Other functions to compute robust estimates with CV:
change_cv_measure(),
regmest_cv()
Other functions to compute robust estimates with CV:
change_cv_measure(),
regmest_cv()
Examples
# Compute the adaptive PENSE regularization path for Freeny's
# revenue data (see ?freeny)
data(freeny)
x <- as.matrix(freeny[ , 2:5])
## Either use the convenience function directly ...
set.seed(123)
ada_convenience <- adapense_cv(x, freeny$y, alpha = 0.5,
cv_repl = 2, cv_k = 4)
## ... or compute the steps manually:
# Step 1: Compute preliminary estimates with CV
set.seed(123)
preliminary_estimate <- pense_cv(x, freeny$y, alpha = 0,
cv_repl = 2, cv_k = 4)
plot(preliminary_estimate, se_mult = 1)
# Step 2: Use the coefficients with best prediction performance
# to define the penalty loadings:
prelim_coefs <- coef(preliminary_estimate, lambda = 'min')

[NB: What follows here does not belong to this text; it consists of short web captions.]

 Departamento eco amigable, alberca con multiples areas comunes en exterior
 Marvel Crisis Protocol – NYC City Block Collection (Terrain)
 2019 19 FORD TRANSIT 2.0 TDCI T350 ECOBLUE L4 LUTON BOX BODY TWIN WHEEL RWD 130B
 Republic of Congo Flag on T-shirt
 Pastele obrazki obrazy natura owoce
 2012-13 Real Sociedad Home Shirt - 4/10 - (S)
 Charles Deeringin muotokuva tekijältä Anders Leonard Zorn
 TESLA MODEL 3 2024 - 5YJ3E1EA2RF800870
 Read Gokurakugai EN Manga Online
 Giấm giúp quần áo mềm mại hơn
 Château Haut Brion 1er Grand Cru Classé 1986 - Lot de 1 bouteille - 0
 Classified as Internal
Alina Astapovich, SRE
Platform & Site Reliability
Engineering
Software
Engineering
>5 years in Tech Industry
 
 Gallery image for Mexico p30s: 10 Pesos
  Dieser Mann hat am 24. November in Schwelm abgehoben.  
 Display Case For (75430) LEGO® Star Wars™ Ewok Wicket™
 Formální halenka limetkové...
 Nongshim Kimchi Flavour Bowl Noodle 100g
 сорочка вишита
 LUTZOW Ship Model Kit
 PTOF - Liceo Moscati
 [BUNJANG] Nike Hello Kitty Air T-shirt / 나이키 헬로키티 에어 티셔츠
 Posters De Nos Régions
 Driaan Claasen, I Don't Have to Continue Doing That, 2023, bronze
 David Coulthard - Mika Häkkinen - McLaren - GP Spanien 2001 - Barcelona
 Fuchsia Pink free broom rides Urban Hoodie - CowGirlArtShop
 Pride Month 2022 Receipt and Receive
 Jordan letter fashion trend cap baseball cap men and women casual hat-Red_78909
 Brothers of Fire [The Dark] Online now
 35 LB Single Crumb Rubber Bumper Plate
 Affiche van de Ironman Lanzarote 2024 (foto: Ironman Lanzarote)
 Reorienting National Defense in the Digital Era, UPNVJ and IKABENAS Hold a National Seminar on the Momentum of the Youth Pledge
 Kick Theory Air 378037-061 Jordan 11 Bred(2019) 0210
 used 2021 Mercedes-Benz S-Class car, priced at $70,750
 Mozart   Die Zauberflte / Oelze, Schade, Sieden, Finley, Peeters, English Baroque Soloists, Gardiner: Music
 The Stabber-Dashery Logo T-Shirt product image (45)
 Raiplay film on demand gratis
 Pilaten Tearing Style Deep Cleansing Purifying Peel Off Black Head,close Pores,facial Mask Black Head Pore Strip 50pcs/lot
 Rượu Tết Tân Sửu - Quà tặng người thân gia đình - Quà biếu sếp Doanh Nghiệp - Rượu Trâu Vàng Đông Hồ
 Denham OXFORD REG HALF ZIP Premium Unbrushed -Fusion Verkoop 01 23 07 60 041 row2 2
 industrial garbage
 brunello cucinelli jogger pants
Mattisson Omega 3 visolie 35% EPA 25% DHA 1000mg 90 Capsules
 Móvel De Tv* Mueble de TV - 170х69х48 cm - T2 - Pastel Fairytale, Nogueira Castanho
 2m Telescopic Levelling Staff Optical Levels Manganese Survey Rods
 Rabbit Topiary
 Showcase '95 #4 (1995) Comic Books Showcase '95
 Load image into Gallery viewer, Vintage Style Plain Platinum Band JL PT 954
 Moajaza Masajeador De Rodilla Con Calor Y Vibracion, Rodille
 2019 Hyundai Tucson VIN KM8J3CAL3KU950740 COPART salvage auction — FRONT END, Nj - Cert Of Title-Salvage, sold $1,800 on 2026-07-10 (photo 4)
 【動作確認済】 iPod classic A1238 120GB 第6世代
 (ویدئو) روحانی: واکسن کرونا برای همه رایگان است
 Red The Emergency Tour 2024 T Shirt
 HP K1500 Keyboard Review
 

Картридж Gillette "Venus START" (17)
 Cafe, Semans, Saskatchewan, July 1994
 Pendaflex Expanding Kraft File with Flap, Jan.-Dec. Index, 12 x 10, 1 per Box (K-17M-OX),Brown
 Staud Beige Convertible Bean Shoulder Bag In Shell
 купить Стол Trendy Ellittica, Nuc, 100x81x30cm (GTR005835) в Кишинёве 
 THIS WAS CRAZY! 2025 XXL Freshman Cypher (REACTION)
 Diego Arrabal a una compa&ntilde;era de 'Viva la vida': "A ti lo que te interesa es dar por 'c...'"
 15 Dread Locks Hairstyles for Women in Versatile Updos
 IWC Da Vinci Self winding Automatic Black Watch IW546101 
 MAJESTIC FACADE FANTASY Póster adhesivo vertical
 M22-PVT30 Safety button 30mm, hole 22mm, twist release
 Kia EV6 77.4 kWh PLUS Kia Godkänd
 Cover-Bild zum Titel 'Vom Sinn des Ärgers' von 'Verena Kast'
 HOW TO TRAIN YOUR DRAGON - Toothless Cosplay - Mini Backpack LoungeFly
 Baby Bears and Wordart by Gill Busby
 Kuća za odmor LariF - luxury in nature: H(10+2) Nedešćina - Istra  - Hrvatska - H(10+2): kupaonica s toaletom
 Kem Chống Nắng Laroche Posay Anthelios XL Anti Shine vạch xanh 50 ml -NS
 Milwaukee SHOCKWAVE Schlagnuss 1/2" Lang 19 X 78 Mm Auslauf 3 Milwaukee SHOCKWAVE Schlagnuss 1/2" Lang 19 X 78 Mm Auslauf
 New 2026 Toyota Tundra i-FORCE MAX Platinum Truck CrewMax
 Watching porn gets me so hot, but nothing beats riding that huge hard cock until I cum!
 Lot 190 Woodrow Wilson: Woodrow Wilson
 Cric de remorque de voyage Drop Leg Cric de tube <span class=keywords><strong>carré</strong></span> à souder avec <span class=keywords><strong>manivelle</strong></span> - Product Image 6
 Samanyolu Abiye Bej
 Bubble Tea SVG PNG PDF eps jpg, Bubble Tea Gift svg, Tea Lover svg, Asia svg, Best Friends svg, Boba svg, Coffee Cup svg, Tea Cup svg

pen_loadings <- 1 / abs(prelim_coefs[-1])
# Step 3: Compute the adaptive PENSE estimates and estimate
# their prediction performance.
set.seed(123)
ada_manual <- pense_cv(x, freeny$y, alpha = 0.5,
cv_repl = 2, cv_k = 4,
penalty_loadings = pen_loadings)
# Visualize the prediction performance and coefficient path of
# the adaptive PENSE estimates (manual vs. automatic)
def.par <- par(no.readonly = TRUE)
layout(matrix(1:4, ncol = 2, byrow = TRUE))
plot(ada_convenience$preliminary)
plot(preliminary_estimate)
plot(ada_convenience)
plot(ada_manual)
par(def.par)